Я попытался изобразить человека большого сердца, задушенного меркантильным обществом, где скупой расчет безжалостно эксплуатирует ум и труд. Цель моя была отнюдь не оправдать отчаянные поступки несчастных, но обличить равнодушие тех, кто принуждает их к подобным поступкам. Разве сейчас не самое время нанести удар этому равнодушию, которое так трудно пробудить от спячки, и бездумности, которая проявляет себя так наглядно? Показать обществу мучения его жертв — не самый ли это верный способ растрогать его?
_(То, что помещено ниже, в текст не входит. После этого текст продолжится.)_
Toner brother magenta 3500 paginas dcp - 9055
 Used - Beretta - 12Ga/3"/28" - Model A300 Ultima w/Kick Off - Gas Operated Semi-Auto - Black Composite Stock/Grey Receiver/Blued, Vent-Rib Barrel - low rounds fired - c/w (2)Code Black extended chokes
Поэт для меня — все; Чаттертон — лишь фамилия человека, и я намеренно отступил от точных фактов его биографии, воспроизведя только те из них, которые иллюстрируют вовеки прискорбный пример благородной нищеты.
Праведник или грешник был ты, кого соотечественники именуют ныне «чудесным мальчиком», ты был несчастен; я уверен в этом, и этого мне довольно. Прости же меня за то, что, избрав символом твое земное прозвище, я попытался во имя твое сделать добро.
Об исполнении драмы, представленной во «Французской комедии» 18 февраля 1835 года
Э6
НЕ МНЕ говорить об успехе этой драмы. Он превзошел самые смелые ожидания тех, кто желал его. Как ясно ни сознавай, сколь преходяща театральная слава, трудно отрицать, что во взаимопонимании, установившемся между сценой и залом, есть нечто величавое, глубокое, почти религиозное. Оно — торжественная награда за труд ума и души. Поэтому автор совершил бы несправедливость, если бы в книге, которой суждено жить дольше, чем будет исполняться на театре помещенная в ней пьеса, не упомянул о тех, кому доверил воплотить свои мысли на подмостках. Я лично всегда считал, что подобное упоминание — наилучший способ воздать должное актерам, чье трудное искусство подкрепляет усилия драматурга и дополняет его произведение. Они говорят от его имени и сражаются за него, подставляя грудь под удары, которые, возможно, он получит; они завоевывают ему прочную славу, которую он надолго сохранит и которая лишь на краткий миг достанется им самим. Они обречены на вечный труд, незримый для неизменно суровой к ним публики; триумфы же их забываются почти сразу после конца их земного существования. Как тут не сберечь воспоминания о совместной работе с ними и не излить на бумаге то, под чем подписался бы любой из бешено аплодировавших им зрителей?
На мой взгляд, еще ни одну театральную пьесу не играли с большим блеском, и это немалая заслуга, потому что за писаным текстом «Чаттертона» как бы скрывается вторая драма, которую не изложишь письменно и не выразишь словами. Эта драма — тайная любовь Чаттертона и Китти Белл; любовь, которая всюду угадывается и нигде не высказывается; любовь, вспыхнувшая в двух людях такой чистоты, что они лишь перед смертью осмеливаются заговорить и остаться наедине друг с другом; любовь, свидетельством которой служат лишь робкие взгляды, средством сообщения — Библия, посланцами — двое детей и которая позволяет себе лишь одну ласку — следы слез юной матери, приносимые ее малышами поэту на своем покуда безгрешном челе; любовь, которую квакер отгоняет трепещущей рукой и осуждает растроганным голосом. Эта отеческая строгость, эта скрытая нежность были переданы во всех их оттенках с редким совершенством и безукоризненным вкусом. Найдется немало охотников судить и критиковать актеров; с меня же довольно и того, что я скажу, какие трудности им предстояло преодолеть и насколько они преуспели в этом.